YOUR INSTRUCTIONS:
Using the records below, write out only the lines from the line containing "Problema imigrantilor pune" up to and including the line containing "Green-winged teal", exactly, with no pictures.

PROVIDED RECORDS:
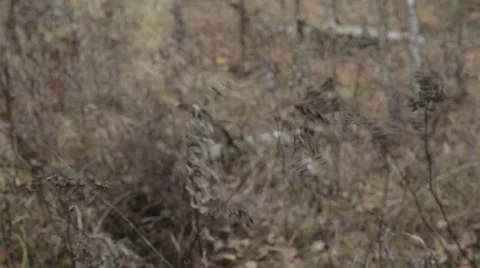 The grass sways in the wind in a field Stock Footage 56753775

...

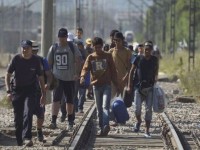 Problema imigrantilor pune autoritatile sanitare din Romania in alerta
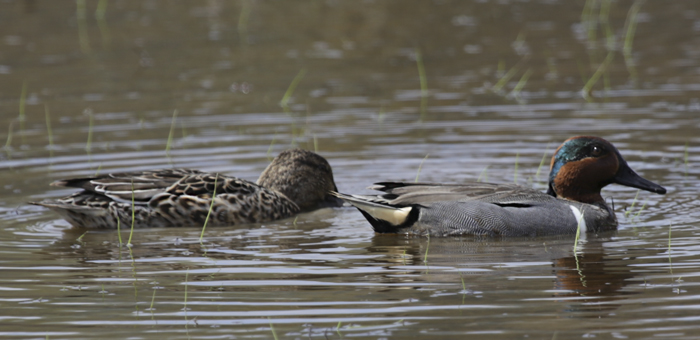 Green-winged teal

ANSWER AREA:
 Problema imigrantilor pune autoritatile sanitare din Romania in alerta
 Green-winged teal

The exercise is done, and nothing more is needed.